Letter to the Editor: Mike Brown
December 4, 2014
Mike Brown
Your name has rang through the ears of Black Americans, Americans and people across other lands since the day you were murdered. They deemed you the “gentle giant” and somewhere along the lines your humanity and dignity was tossed aside. It wasn’t just a race issue, yet your death heavily involved you being black and you being from the South. Where our ancestrous roots of laboring on our feet day and night make it so hard to lightly tread and avoid the trembling that runs down a Black persons mind when considering having to enter those time-frozen areas. Where majority of the public is Black yet the mayor, city officials, and majority of police force is white. Where the history of your city and it’s racist policies decided where you would live to make others comfortable and avoid contact with you and other “giants,” that weren’t at all scary but just living and trying to survive. Where poverty and classism turns to you and decides that you aren’t worthy. Well Mike you were.

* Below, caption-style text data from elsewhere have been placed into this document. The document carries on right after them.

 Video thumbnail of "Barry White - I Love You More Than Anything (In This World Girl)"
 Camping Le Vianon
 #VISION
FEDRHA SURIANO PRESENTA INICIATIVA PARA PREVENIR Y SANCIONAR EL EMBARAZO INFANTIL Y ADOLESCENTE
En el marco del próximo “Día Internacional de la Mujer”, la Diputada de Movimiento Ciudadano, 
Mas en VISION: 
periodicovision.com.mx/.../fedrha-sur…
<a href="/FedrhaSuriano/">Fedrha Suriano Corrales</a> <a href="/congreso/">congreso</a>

It may be 2014 and we may be entering a new year, yet the familiar racial circumstances that surround us all are very familiar: an old television show no one wanted to see, but keeps rerunning and showing itself to be harder to watch each time. The brutality of Mike’s death was reminiscent of Trayvon Martin’s, and Martin’s reminiscent of Emmett Till’s, and well, Till’s reminiscent of the rotten “Strange Fruit” that Nina Simone described dreadfully.
It’s more than unfortunate that you and others had to be subjected to American structured society: where the dead are raised to be targeted, crucified, and killed again. It’s repetitive and evokes anger and pain over and over again…. Yet the marching can never end, because injustice has proven to be well alive. And so I say thank you to protestors, marchers, social activist for you are all greatly appreciated. The sacrifices of your precious bodies, precious time, and your fragile freedom is not in vain: the world is watching and so is the next generation of young people whom will have to carry on the fight. To the parents whose children’s lives were cut short out of their own power there’s nothing one can really express or say to comfort that never- closing wound, but your strength strengthens us all, and your encouragement to strive for righteousness is most definitely empowering: keep your head up.
A man named Jimi Hendrix once said “when the power of love overcomes the love of power, the world will know peace.” To this I say keep striving for love and justice: two things that never come easy, but are always worth fighting for and toward.